De plus, parmi les familles riches - celles classées dans le décile supérieur de la distribution des richesses - la "règle de gestion" est celle d'une spécialisation complète : le conjoint ayant le rendement le plus élevé avant le mariage semble être entièrement responsable de la gestion des actifs du ménage. Cela implique que, en éliminant efficacement le retour à la moyenne par le partage des responsabilités financières, les actifs des ménages riches augmentent encore plus rapidement au fil du temps, ce qui renforce la concentration de la richesse. Cela suggère à son tour que l'un des mécanismes qui génère la persistance de la concentration de la richesse est l'allocation du pouvoir de décision entre les conjoints : lorsque les enjeux sont importants - c'est-à-dire chez les très riches - l'incitation est également plus forte d'accorder plus de discrétion au conjoint ayant les meilleures capacités pour gérer les actifs familiaux. Toutes choses égales par ailleurs, cette spécialisation complète renforce la concentration de la richesse au sommet de la distribution.
Dynamique d'appariement et inégalité
Nos preuves sur l'appariement assortatif sont pertinentes pour le débat sur les causes de la concentration extrême de la richesse ainsi que sur son évolution dans le temps - une question qui a suscité une attention considérable ces dernières années. Il est facile de montrer analytiquement que les sociétés où les mariages sont assortis sur le plan de la richesse présentent une plus grande concentration de la richesse au moment du mariage ; avec l'hétérogénéité des retours, elles deviennent également plus inégales au cours du cycle de vie d'un mariage, et les effets dynamiques sont amplifiés par l'accouplement assortatif sur les retours.

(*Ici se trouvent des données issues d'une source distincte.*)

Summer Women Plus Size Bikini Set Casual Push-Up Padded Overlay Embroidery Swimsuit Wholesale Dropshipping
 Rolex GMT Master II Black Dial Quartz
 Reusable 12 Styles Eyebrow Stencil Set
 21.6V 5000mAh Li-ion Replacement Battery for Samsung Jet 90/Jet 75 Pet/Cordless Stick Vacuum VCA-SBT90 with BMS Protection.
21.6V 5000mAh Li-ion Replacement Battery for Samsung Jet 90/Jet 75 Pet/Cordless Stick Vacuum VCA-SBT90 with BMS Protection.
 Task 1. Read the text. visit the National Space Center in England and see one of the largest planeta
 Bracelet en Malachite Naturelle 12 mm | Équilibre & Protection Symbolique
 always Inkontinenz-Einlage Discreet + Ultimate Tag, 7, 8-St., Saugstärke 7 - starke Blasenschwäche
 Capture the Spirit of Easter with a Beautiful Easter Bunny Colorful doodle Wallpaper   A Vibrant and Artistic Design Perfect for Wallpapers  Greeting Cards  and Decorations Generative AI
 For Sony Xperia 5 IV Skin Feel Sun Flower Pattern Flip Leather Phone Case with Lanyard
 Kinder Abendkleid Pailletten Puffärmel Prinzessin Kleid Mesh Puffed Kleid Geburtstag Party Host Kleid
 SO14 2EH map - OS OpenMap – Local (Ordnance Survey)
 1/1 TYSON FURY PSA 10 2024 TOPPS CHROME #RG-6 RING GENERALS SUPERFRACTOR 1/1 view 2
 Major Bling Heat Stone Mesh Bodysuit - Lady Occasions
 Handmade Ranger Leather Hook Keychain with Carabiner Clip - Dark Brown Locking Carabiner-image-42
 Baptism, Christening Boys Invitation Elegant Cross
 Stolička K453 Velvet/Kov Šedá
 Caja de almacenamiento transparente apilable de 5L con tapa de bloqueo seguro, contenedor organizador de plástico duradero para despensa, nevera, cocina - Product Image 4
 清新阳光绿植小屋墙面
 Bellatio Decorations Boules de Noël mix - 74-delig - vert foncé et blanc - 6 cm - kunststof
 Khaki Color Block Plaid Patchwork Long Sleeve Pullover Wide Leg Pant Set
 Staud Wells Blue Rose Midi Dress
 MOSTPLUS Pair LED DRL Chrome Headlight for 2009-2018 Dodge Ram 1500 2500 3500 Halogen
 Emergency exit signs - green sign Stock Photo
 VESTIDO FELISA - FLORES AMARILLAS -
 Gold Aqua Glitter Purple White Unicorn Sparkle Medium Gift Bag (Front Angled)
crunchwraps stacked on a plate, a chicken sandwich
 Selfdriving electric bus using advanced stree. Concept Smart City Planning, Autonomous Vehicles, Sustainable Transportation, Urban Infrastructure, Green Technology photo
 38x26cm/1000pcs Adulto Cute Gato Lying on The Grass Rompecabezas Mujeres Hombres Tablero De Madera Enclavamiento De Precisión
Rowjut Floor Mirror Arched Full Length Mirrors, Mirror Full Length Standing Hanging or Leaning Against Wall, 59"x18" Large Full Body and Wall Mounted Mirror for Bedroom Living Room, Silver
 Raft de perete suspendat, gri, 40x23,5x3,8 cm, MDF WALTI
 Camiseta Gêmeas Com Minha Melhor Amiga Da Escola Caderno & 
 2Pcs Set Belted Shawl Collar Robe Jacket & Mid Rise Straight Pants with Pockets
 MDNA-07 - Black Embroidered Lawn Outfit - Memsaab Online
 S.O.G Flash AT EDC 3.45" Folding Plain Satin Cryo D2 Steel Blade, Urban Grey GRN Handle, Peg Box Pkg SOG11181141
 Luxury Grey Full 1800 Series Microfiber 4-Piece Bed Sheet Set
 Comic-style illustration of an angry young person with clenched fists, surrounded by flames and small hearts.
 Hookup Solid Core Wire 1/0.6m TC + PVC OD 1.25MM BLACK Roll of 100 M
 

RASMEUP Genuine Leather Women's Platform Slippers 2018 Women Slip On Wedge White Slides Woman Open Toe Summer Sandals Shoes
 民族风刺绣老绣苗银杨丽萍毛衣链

En ce qui concerne la dynamique de la concentration de la richesse, étant donné que les modèles d'accouplement et les accords de gestion de la richesse sont très susceptibles d'évoluer dans le temps (par exemple, parce que les normes sociales et les compétences relatives des hommes et des femmes changent), la variation temporelle de l'accouplement assortatif et des règles d'allocation de la gestion de la richesse peuvent être des causes indépendantes et, jusqu'à présent, inaperçues des changements de l'inégalité de la richesse dans le temps. La figure 4, panel A, documente une baisse significative de la Norvège de l'accouplement assortatif sur la richesse au fil du temps (d'environ 0,23 à environ 0,14). Le panel B montre l'évolution temporelle du coefficient de Gini pour la richesse au moment du mariage et documente qu'il a également diminué. L'association entre les indices des panneaux A et B, bien que grossière, est suggestive de l'importance potentielle de l'accouplement assortatif pour l'évolution temporelle de l'inégalité de richesse.